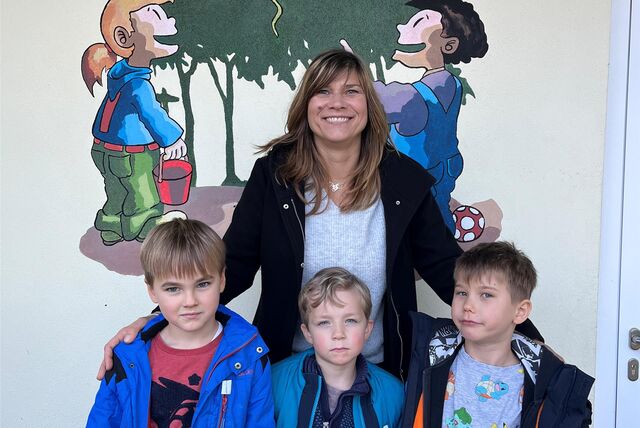 Kita-Mutter Patrycja Hombitzer steht mit den Vorschulkindern Valentin, Matteo und John vor der Eingangstür der Kita am Wald in Castrop-Rauxel.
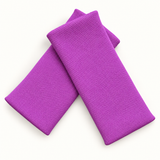 Pretty Purple wristbands in crossed arrangement on ivory background
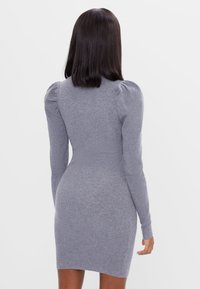 Kvinna med rakt, mörkt hår som bär en figurnära, långärmad, ribbad grå stickad klänning med puffade axlar, stående mot en otrevlig bakgrund.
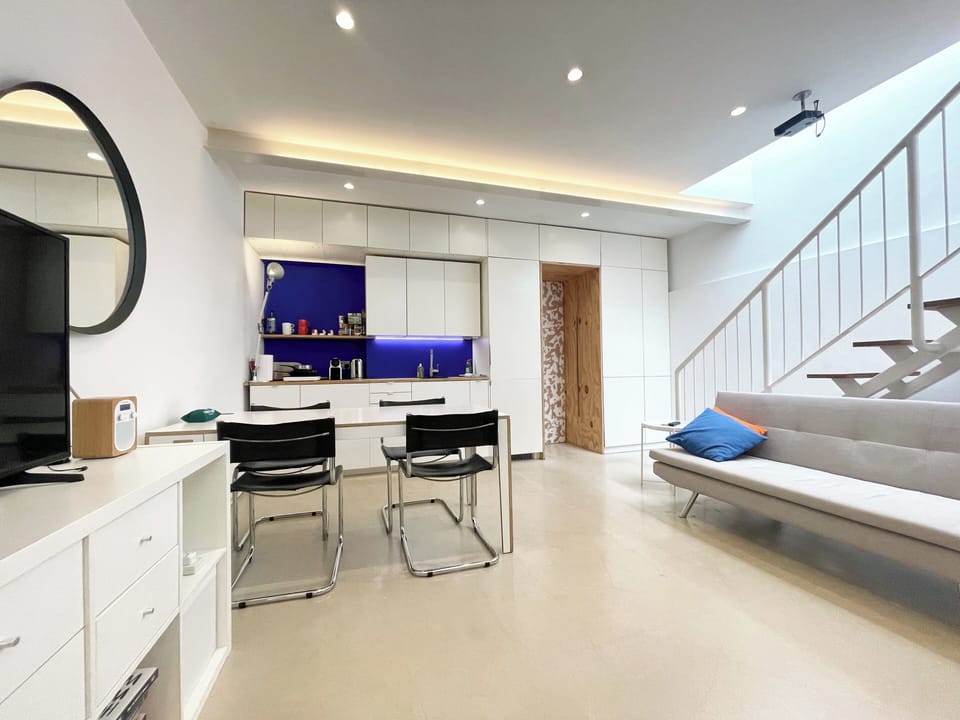Basement kitchen / diner with door to bathroom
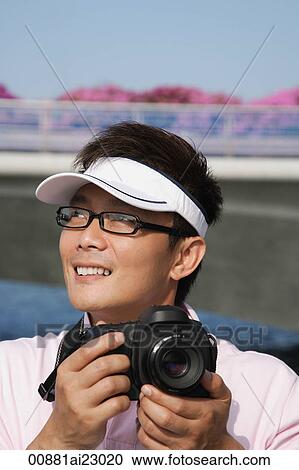 Stock Image - Tourist taking a photograph. Fotosearch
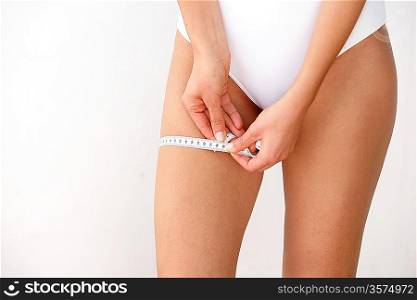Woman measuring her thigh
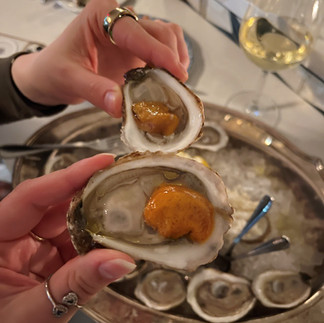 The oysters were briny and fresh, with various sauce options.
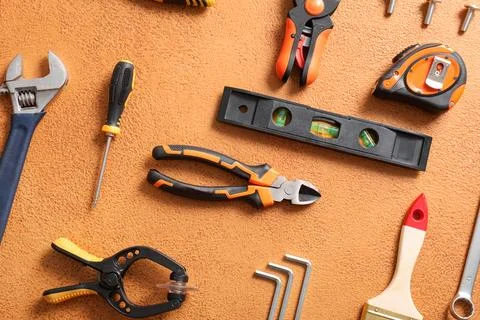 Set of construction tools on orange grunge background Stock Photos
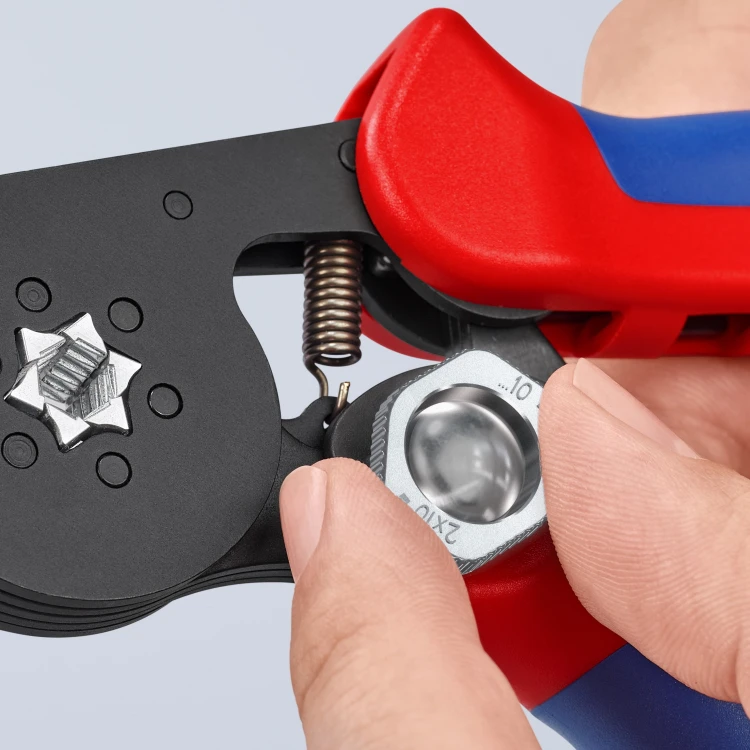Praska Knipex 97 53 14 – zbliżenie sześciokątnej matrycy i pokrętła ustawianego do tulejek Twin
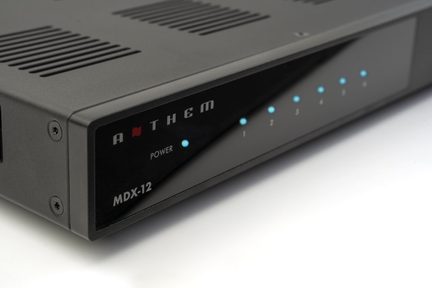Čierne obdĺžnikové zariadenie s mriežkami na vrchu, predným panelom s modrými očíslovanými kontrolkami a textom "MDX-12".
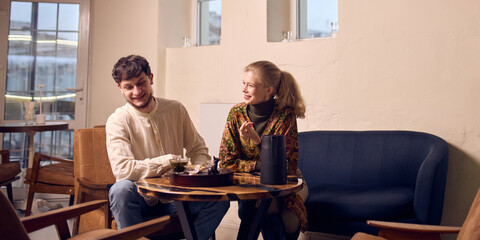 Couple observing tea infusion during relaxed indoor tea ceremony. Concept of tea drinking rituals for hospitality branding, cafe promotion, wellness advertising, and mindful consumption campaigns.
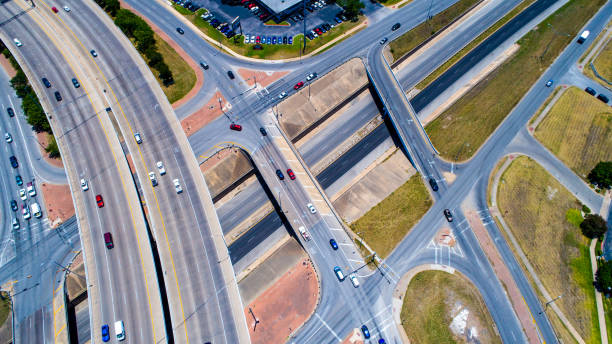 istock Angles and Patterns Austin , TX Interstate and Highway Intersections and Crossroads near Urban Sprawl Dense transportation Overpass travel System 814771838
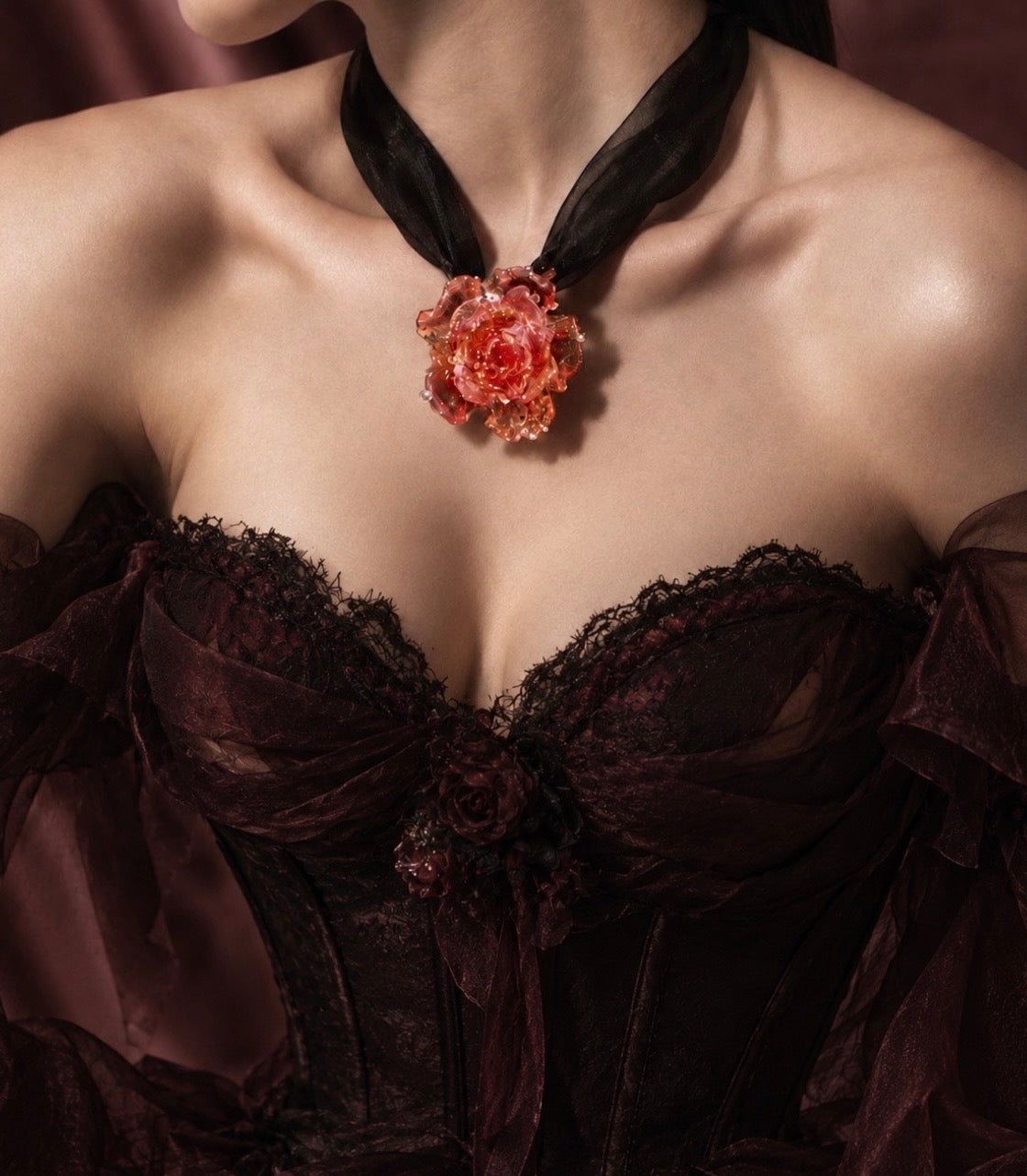Model wearing REALONETARA’s Magic Rose necklace, featuring a translucent red Liuli rose on black organza, styled with a dark lace corset dress.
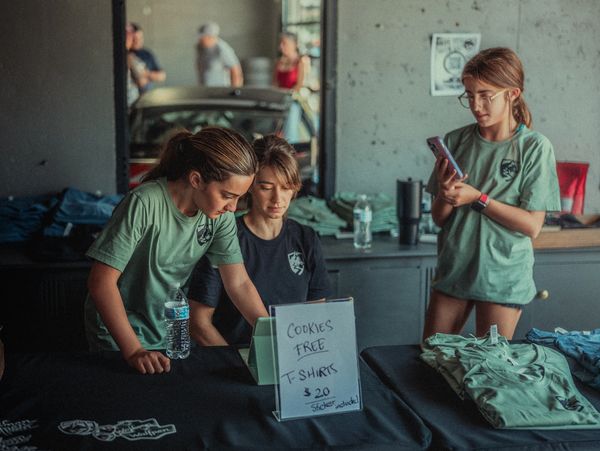 Wife and daughters selling merchandise at the Grand Opening of Wolfpen in Roswell, Georgia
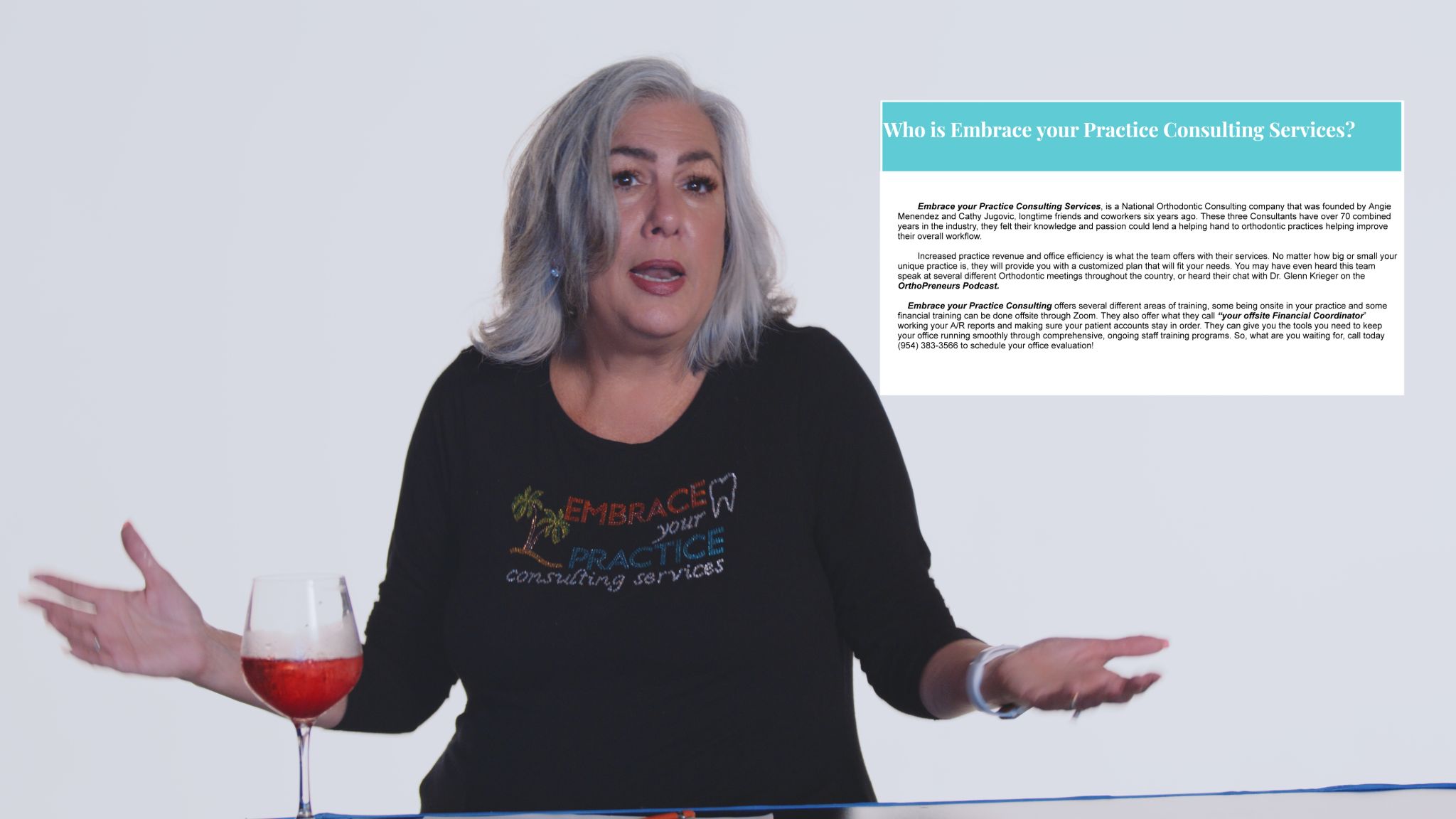 Woman with gray hair talking wearing black shirt with colorful logo with a glass of red wine nearby and Who Is Embrace Your Practice Consulting Services insert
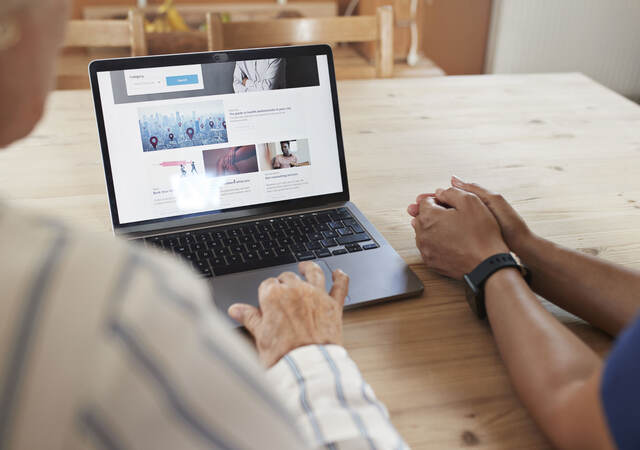 two people navigating a web page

#####

Directions for this task: In the listing above, find the line with "The oysters were" and the line with "Praska Knipex 97". Transcribe those two and everything between, exactly, leaving out pictures.

Solution to this exercise:
 The oysters were briny and fresh, with various sauce options.
 Set of construction tools on orange grunge background Stock Photos
Praska Knipex 97 53 14 – zbliżenie sześciokątnej matrycy i pokrętła ustawianego do tulejek Twin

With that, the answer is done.